*** Opening Data segment ***

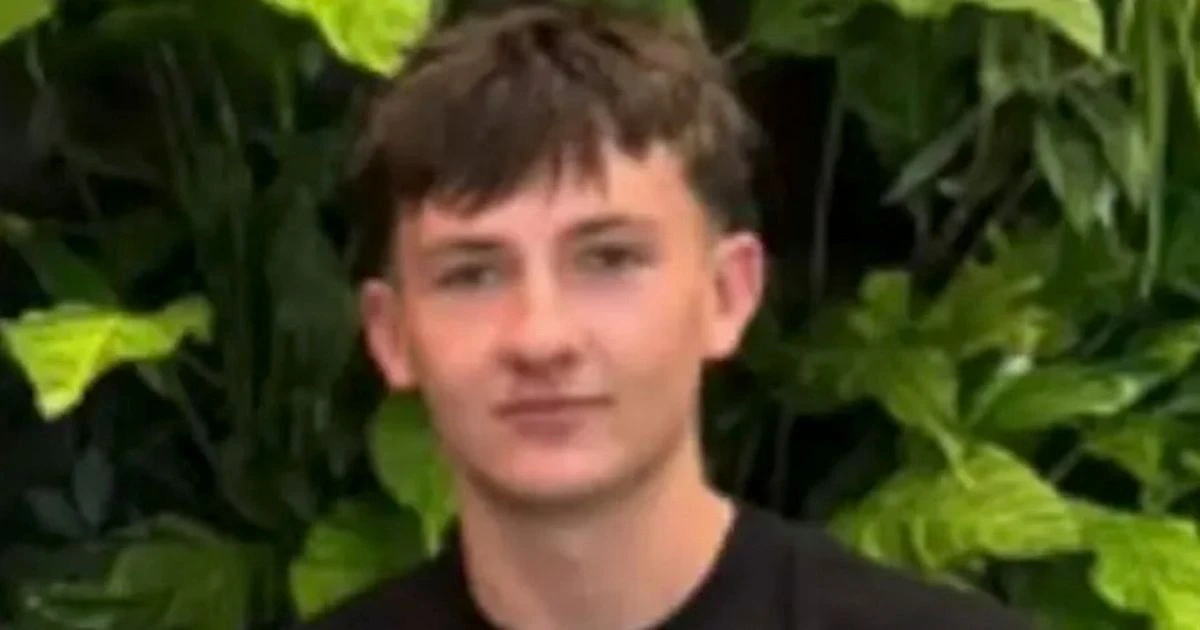Urgent warning to British youths after lad dies in viral 'rugby collision' challenge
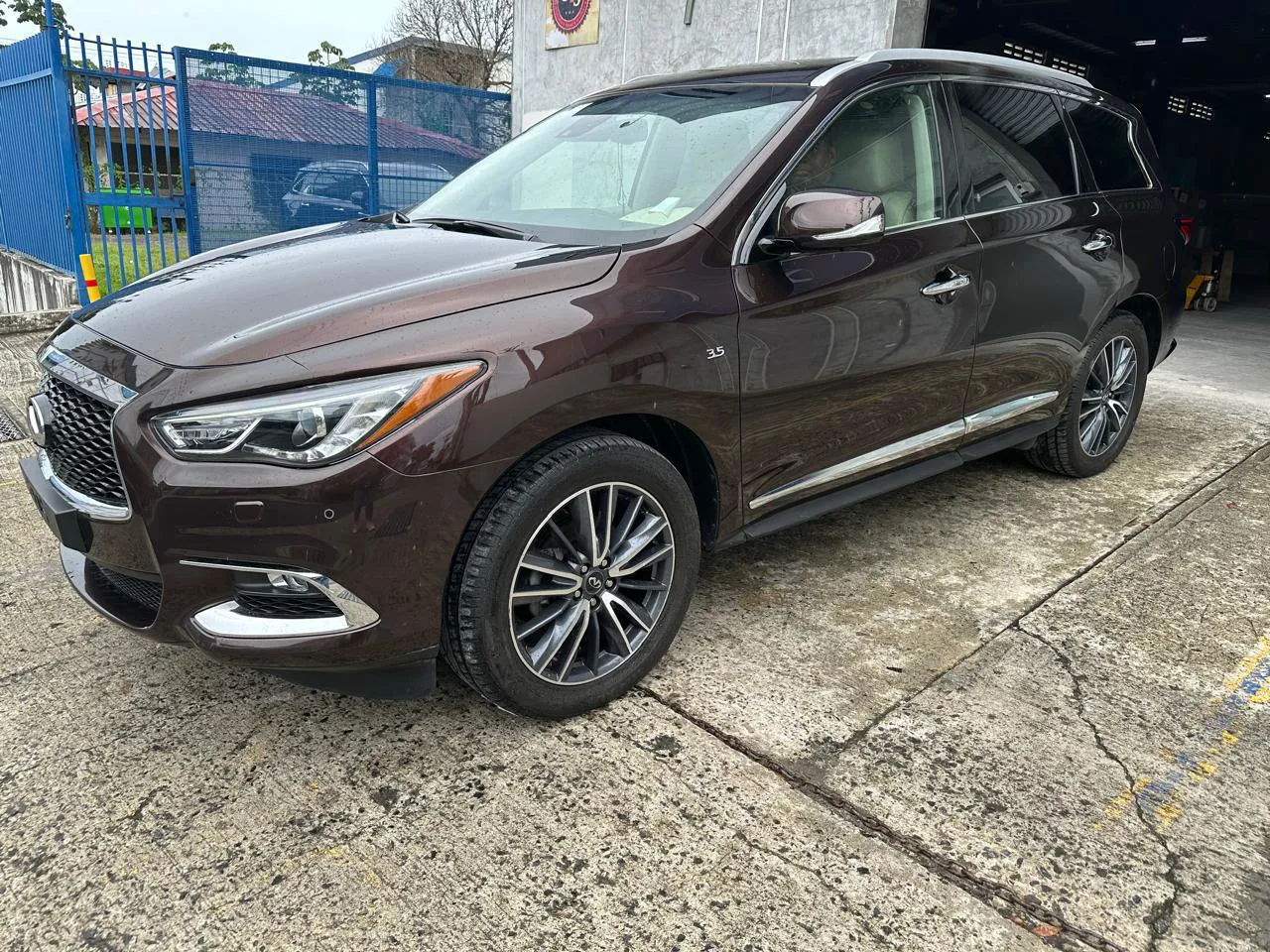 Preview imagenes del auto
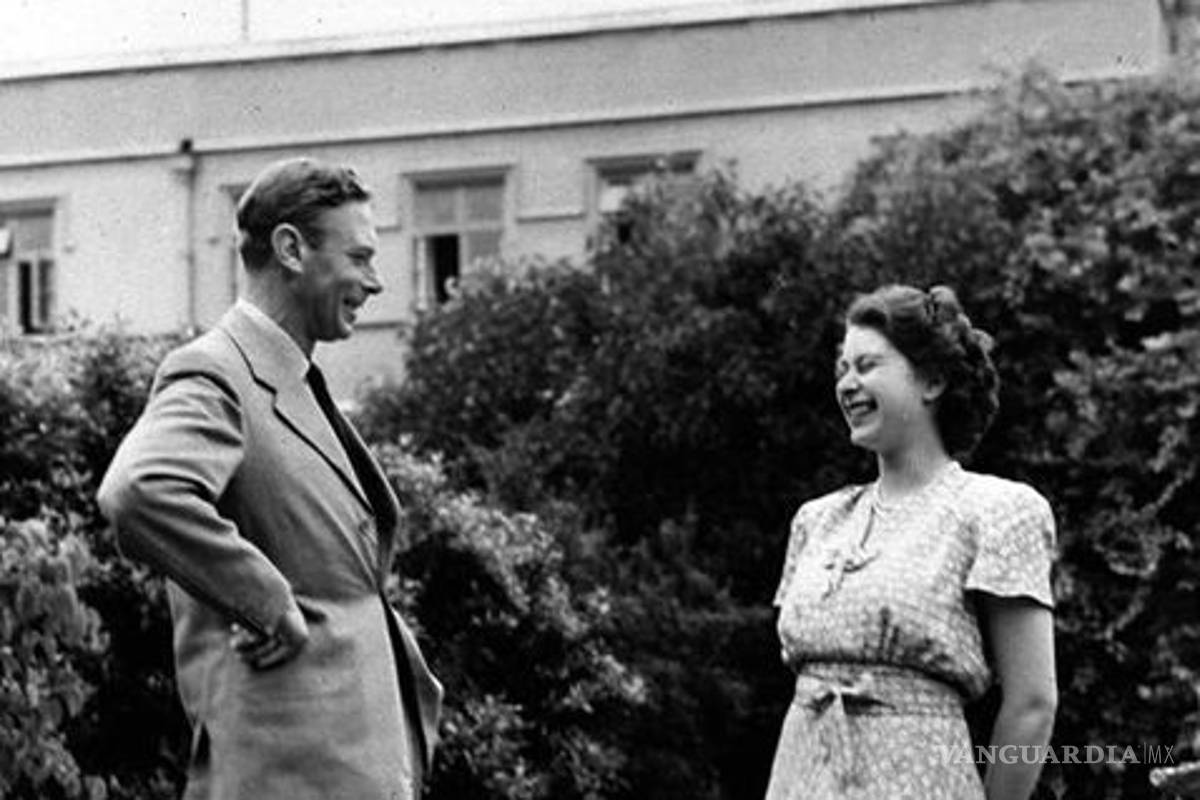 Difunden imágenes de la infancia de la Reina Isabel II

*** Closing Data segment ***

■ **Task item**:
Copy out the material above in full and exactly, but with no pictures.

■ **Exercise answer**:
Urgent warning to British youths after lad dies in viral 'rugby collision' challenge
 Preview imagenes del auto
 Difunden imágenes de la infancia de la Reina Isabel II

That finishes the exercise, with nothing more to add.